Hi all,
I used llvm-gcc (llvm version 2.7) to transform a linux network driver program (for example: linux/drivers/net/zoro8390.c) to the IR form with the command: “llvm-gcc -D__GNUCC -E -emit-llvm -I…/…/include zorro8390.c -S” under the drivers/net directory. It didn’t give the resulting IR (i.e. zoro8390.s) and it printed out a modified program, which it looked like the definitions for functions, macros and other stuff from other files are all added or expanded for my target program. How could I get the desired IR for the driver? Thank you very much!
Regards,
Daniel
迪 wrote:
Hi all,
I used llvm-gcc (llvm version 2.7) to transform a linux network driver
program (for example: linux/drivers/net/zoro8390.c) to the IR form with
the command: "llvm-gcc -D__GNUCC -E -emit-llvm -I../../include
zorro8390.c -S" under the drivers/net directory. It didn't give the
resulting IR (i.e. zoro8390.s) and it printed out a modified program,
which it looked like the definitions for functions, macros and other
stuff from other files are all added or expanded for my target program.

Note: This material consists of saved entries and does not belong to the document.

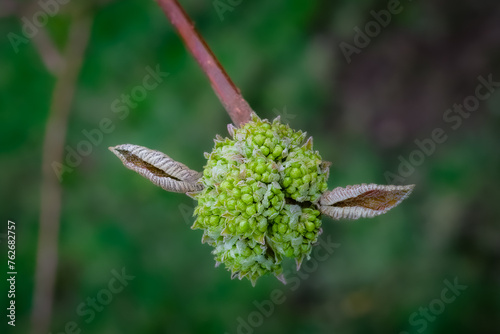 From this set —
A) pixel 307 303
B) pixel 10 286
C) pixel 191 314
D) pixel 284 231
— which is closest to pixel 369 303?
pixel 307 303

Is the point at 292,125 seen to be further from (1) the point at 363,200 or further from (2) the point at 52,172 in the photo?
(1) the point at 363,200

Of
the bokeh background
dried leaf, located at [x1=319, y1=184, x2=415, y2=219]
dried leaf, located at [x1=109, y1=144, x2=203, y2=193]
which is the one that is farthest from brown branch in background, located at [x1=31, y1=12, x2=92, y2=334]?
dried leaf, located at [x1=319, y1=184, x2=415, y2=219]

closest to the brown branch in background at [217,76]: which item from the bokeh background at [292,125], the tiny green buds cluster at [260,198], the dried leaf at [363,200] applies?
the tiny green buds cluster at [260,198]

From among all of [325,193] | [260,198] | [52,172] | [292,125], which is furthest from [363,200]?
Result: [52,172]

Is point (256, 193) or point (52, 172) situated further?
point (52, 172)

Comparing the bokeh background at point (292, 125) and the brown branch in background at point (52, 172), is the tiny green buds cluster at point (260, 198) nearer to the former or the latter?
the bokeh background at point (292, 125)

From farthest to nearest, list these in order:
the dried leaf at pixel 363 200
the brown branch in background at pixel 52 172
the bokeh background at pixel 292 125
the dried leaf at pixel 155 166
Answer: the brown branch in background at pixel 52 172 → the bokeh background at pixel 292 125 → the dried leaf at pixel 155 166 → the dried leaf at pixel 363 200

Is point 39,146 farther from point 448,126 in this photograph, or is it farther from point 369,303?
point 448,126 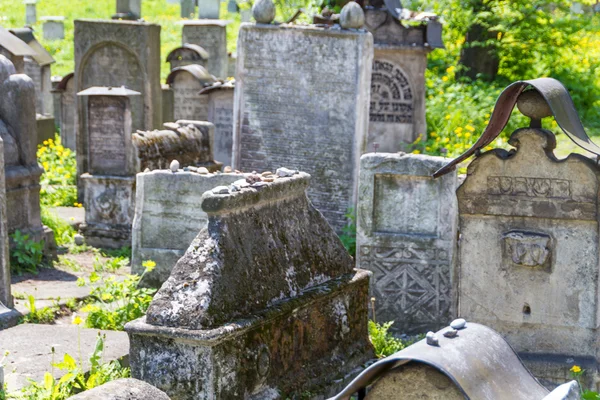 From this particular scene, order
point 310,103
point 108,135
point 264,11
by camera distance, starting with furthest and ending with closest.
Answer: point 108,135 → point 264,11 → point 310,103

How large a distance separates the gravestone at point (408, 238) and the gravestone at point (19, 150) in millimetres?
3230

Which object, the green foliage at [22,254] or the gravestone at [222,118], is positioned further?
the gravestone at [222,118]

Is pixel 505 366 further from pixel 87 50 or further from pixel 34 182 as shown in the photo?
pixel 87 50

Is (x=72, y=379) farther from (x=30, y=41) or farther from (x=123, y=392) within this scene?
(x=30, y=41)

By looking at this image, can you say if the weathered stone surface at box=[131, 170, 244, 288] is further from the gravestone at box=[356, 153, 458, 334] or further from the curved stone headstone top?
the curved stone headstone top

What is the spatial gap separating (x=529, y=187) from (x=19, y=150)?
209 inches

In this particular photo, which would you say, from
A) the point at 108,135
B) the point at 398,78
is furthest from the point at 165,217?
the point at 398,78

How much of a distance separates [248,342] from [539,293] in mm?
1746

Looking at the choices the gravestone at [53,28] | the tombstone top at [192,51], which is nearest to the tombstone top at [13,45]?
the tombstone top at [192,51]

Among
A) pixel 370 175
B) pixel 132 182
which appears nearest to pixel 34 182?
pixel 132 182

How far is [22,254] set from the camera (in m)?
9.47

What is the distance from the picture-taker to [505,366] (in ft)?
13.4

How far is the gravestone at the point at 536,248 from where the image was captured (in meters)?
5.84

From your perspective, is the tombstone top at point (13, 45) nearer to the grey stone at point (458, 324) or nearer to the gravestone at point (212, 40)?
the gravestone at point (212, 40) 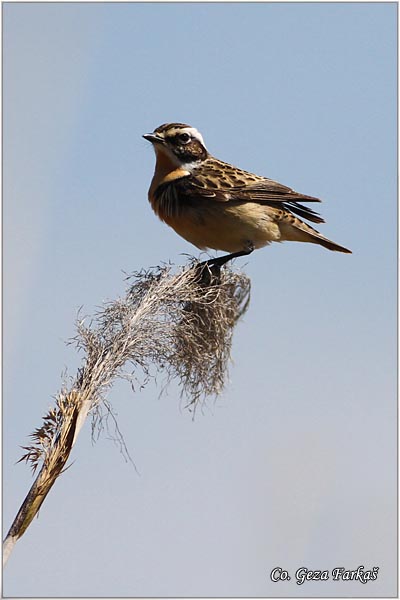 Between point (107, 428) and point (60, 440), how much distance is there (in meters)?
0.45

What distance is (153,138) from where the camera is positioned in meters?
6.25

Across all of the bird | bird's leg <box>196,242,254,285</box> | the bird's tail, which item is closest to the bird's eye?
→ the bird

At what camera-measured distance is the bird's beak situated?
620 cm

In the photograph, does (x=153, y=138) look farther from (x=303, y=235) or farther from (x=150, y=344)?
(x=150, y=344)

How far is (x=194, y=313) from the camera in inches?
176

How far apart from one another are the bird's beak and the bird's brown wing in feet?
1.20

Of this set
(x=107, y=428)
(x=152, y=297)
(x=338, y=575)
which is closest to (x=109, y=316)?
(x=152, y=297)

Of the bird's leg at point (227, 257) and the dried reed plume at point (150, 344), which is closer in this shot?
the dried reed plume at point (150, 344)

That's what the -E flag does. It preprocesses the file.
How could I get the desired IR for the driver? Thank you very much!

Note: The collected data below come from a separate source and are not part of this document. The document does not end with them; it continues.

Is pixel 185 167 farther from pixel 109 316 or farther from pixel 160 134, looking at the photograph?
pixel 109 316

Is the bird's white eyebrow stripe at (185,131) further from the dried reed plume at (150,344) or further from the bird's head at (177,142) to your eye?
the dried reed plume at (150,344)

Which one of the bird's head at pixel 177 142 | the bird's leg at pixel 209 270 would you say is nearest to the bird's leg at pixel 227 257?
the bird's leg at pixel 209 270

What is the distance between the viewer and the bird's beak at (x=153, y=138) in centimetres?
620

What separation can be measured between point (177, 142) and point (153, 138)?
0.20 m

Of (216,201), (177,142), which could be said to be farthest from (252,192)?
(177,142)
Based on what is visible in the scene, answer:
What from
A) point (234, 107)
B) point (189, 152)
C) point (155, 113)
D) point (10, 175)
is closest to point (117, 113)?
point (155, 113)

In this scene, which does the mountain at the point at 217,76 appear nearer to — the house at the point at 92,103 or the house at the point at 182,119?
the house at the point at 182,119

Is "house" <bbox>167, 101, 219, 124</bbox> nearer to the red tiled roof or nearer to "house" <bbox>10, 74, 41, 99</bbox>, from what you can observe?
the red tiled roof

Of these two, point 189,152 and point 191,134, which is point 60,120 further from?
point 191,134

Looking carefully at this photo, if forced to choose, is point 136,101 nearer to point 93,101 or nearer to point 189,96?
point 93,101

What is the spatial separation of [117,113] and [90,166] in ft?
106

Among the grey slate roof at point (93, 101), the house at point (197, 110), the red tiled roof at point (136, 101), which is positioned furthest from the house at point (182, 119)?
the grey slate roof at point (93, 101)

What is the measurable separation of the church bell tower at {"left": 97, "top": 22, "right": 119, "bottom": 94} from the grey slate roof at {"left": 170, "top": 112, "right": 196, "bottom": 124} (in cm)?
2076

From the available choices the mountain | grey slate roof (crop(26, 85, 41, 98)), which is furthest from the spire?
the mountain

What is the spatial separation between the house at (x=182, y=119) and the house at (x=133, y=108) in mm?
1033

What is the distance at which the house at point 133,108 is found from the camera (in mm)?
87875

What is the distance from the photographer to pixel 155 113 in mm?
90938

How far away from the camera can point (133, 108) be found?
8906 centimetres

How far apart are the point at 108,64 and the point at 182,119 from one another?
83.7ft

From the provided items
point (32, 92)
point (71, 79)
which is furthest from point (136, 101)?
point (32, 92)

You have the two other flags that matter, -S and -emit-llvm. Try removing -E and see whether that works.
Nick
added or expanded for my target program. How could I get the desired IR for
the driver? Thank you very much!
Remove the -E cmdline option
Thank you very much for both of you! I tried to compile the program without the -E and then I got lots of compile errors of missing headers and definitions. I’m trying to eliminate them now.